#### Task objective
Please give the lines below again exactly as they stand, from the one that contains "this 411×600 image." up to and including the one that contains "this 896×1344 image.", leaving all pictures out.

#### Raw data
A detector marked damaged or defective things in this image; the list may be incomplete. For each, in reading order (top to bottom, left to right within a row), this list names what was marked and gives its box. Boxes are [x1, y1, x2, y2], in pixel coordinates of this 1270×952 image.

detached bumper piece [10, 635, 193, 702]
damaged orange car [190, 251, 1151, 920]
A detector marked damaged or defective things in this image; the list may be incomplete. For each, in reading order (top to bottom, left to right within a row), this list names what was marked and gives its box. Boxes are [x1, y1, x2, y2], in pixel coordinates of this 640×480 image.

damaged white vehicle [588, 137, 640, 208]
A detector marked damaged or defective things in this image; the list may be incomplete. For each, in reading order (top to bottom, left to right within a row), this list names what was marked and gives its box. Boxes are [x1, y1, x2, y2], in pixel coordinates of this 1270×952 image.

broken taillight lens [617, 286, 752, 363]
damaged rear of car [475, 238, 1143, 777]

---

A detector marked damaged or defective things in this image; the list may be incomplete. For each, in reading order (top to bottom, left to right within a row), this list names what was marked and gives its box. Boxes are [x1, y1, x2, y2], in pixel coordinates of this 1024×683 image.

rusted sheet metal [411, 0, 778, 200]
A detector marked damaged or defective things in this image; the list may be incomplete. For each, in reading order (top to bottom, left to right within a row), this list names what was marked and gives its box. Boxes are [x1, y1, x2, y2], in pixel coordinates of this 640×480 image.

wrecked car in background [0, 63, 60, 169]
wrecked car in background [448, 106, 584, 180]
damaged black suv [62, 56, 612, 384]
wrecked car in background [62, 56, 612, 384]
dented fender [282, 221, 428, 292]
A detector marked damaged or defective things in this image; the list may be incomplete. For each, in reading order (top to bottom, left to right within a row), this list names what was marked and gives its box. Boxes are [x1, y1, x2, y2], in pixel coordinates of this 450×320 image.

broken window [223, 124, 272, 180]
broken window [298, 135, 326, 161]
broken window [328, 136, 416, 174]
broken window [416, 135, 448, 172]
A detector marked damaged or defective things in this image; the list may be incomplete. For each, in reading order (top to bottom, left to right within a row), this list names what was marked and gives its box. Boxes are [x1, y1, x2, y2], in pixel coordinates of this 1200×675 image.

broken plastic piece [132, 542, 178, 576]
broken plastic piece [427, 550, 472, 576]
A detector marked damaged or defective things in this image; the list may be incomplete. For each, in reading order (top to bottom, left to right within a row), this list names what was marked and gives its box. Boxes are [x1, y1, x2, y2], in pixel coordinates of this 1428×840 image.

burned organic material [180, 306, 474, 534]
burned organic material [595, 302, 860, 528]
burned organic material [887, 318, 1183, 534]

* * *

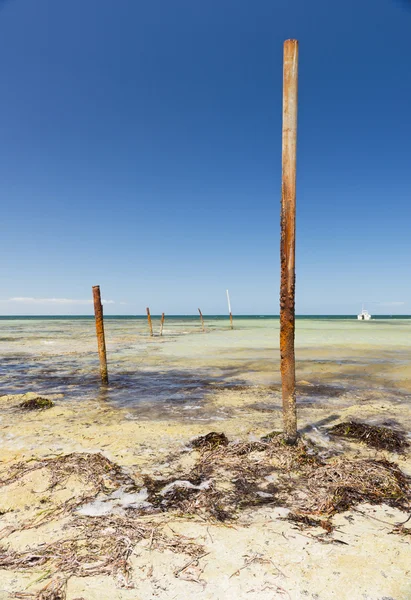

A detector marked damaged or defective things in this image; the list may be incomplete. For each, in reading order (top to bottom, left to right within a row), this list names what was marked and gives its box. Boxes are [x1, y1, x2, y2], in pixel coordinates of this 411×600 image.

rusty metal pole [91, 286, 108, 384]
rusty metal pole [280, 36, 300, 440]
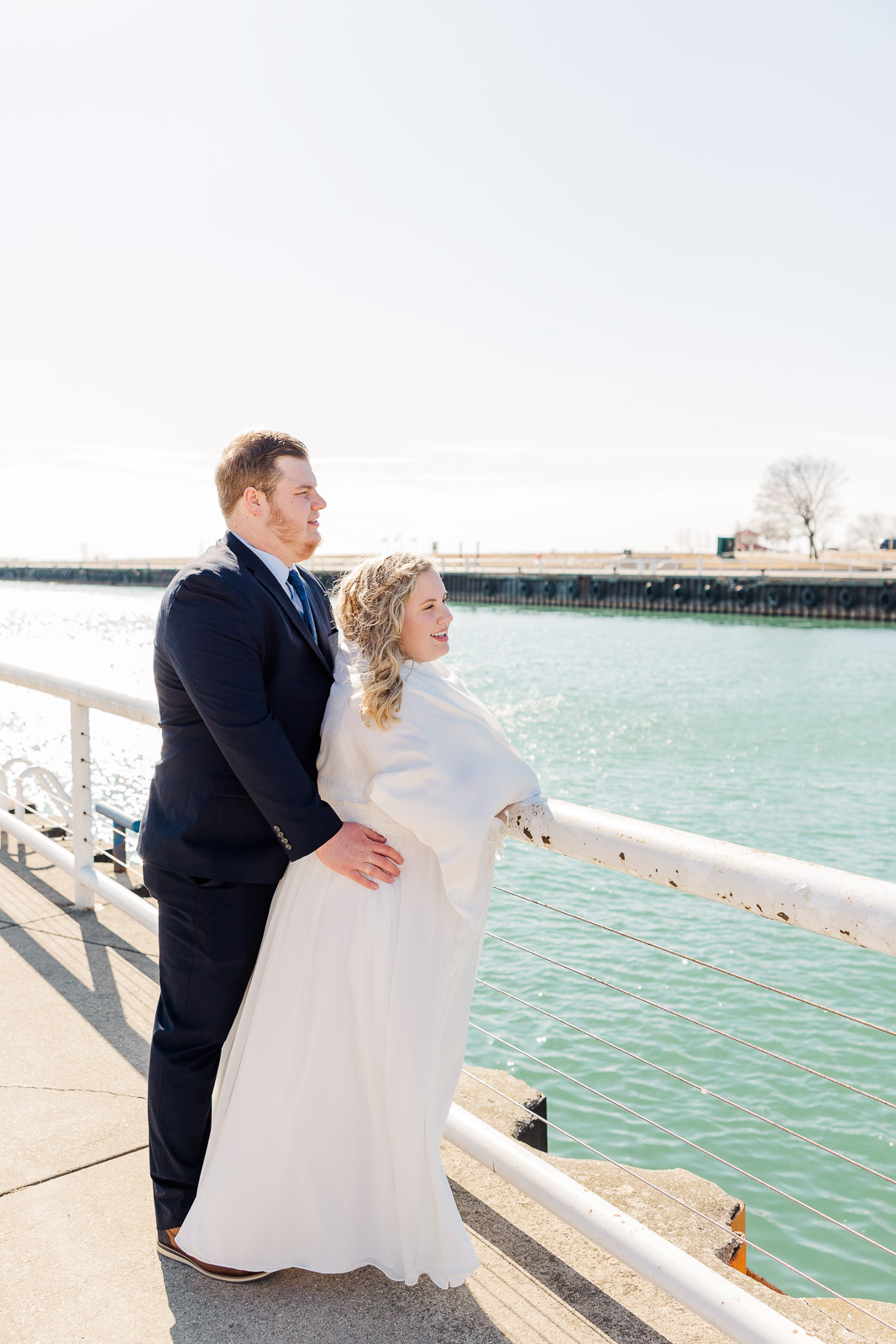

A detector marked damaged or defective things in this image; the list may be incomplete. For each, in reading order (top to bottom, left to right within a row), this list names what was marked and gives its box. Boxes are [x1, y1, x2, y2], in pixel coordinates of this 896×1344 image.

#### Reply to the task
A detector marked damaged or defective things in this image; the list may be incomplete. For each, in reading order (top to bottom, left to right within a row), this list names what was marked and gives its box. Boxes are [x1, y1, x2, y2], in pixel coordinates of this 411×600 image.

rusty metal pole [91, 286, 108, 384]
rusty metal pole [280, 36, 300, 440]

A detector marked damaged or defective things in this image; the list may be incomplete. For each, in reading order (top to bottom, left to right within a row), this list names what was marked and gives its box. Boxes are [x1, y1, x2, y2], in pixel coordinates of this 896×1344 image.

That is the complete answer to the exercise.